_Required work_
Reproduce the data in full, exactly as given, leaving images out.

_Data segment_
═══
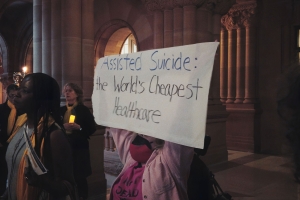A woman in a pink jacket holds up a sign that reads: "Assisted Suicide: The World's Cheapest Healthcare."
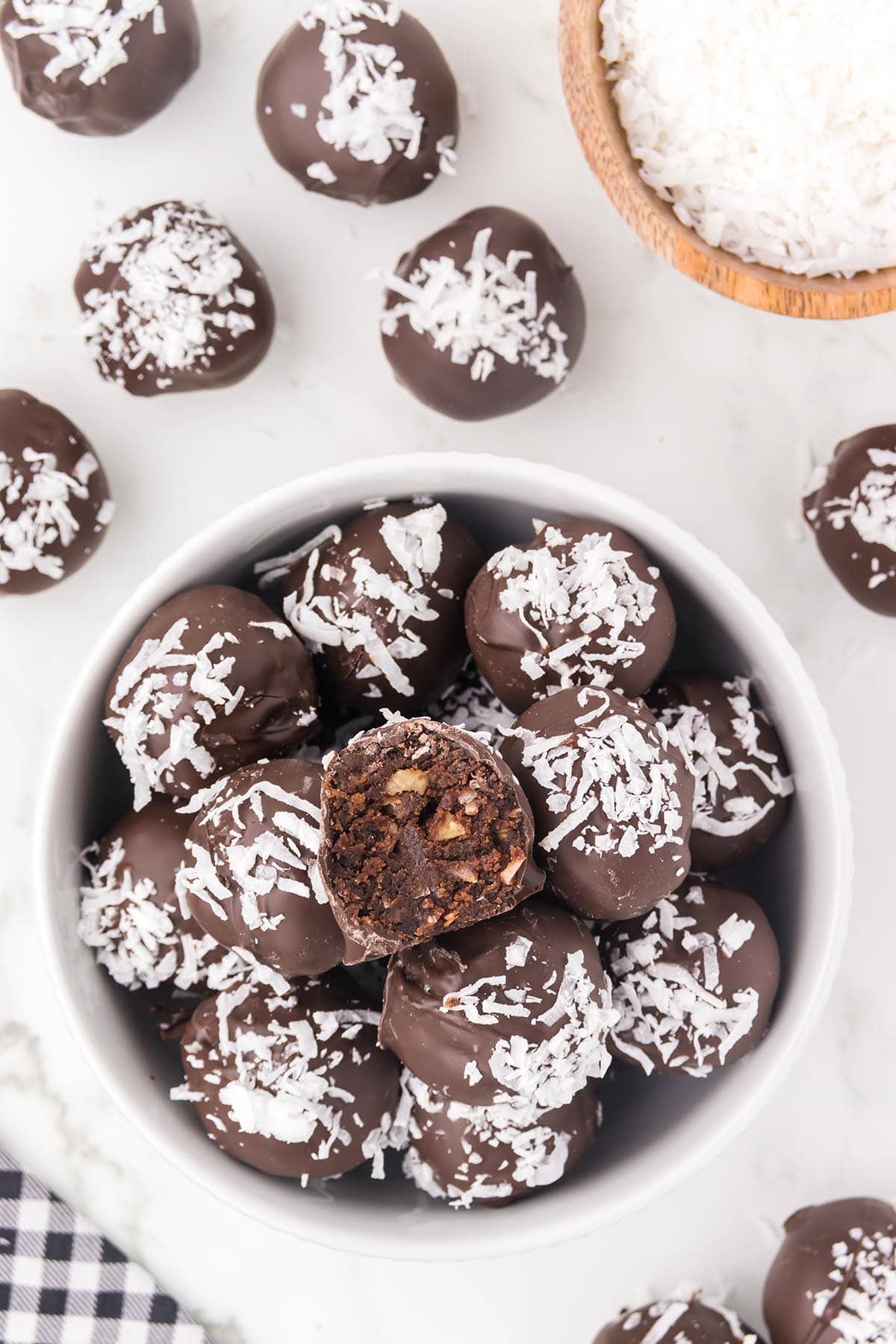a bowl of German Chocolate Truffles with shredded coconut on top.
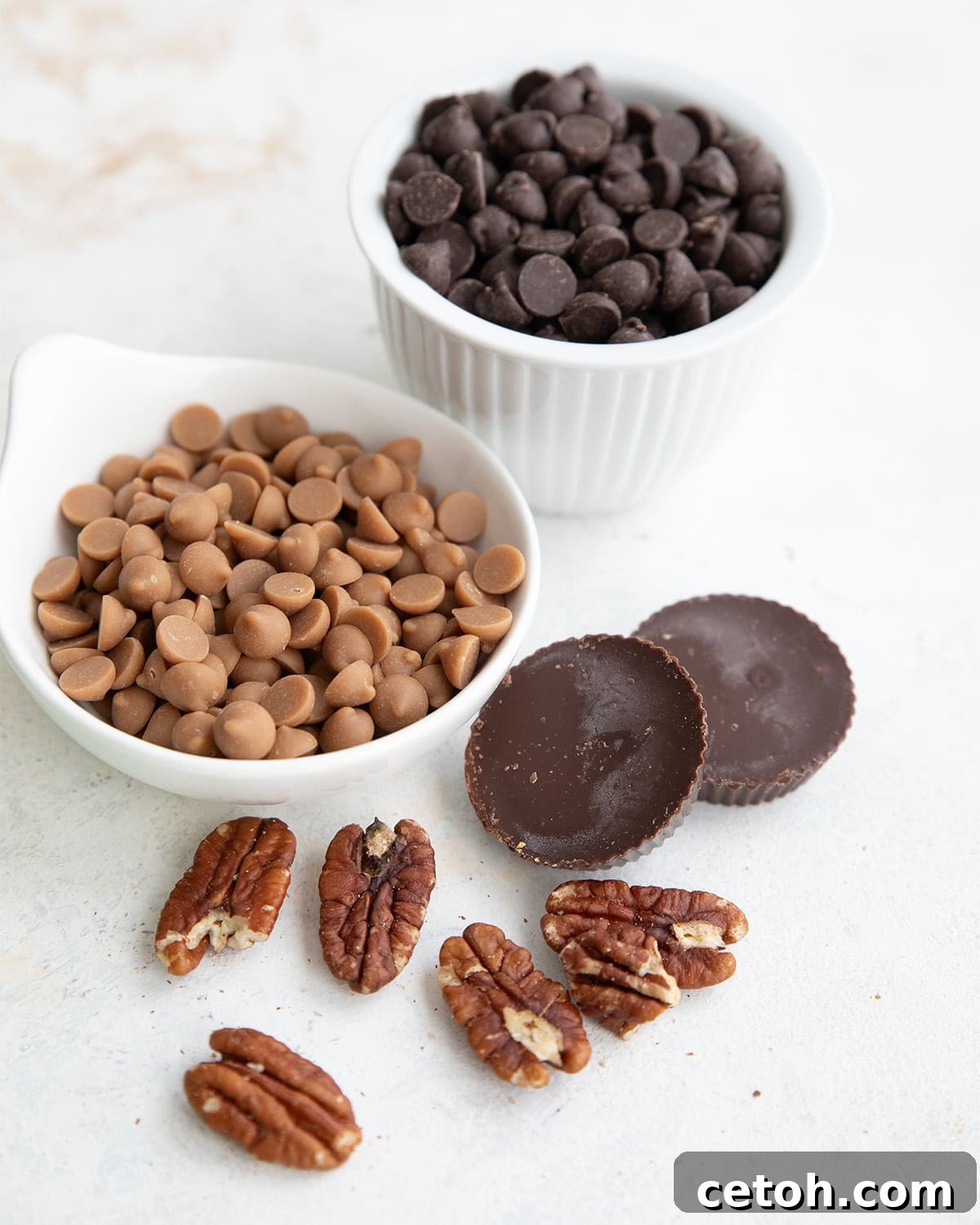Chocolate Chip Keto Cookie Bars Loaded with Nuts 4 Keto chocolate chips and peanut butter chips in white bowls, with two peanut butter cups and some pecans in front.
═══
_Result for this exercise_
A woman in a pink jacket holds up a sign that reads: "Assisted Suicide: The World's Cheapest Healthcare."
a bowl of German Chocolate Truffles with shredded coconut on top.
Chocolate Chip Keto Cookie Bars Loaded with Nuts 4 Keto chocolate chips and peanut butter chips in white bowls, with two peanut butter cups and some pecans in front.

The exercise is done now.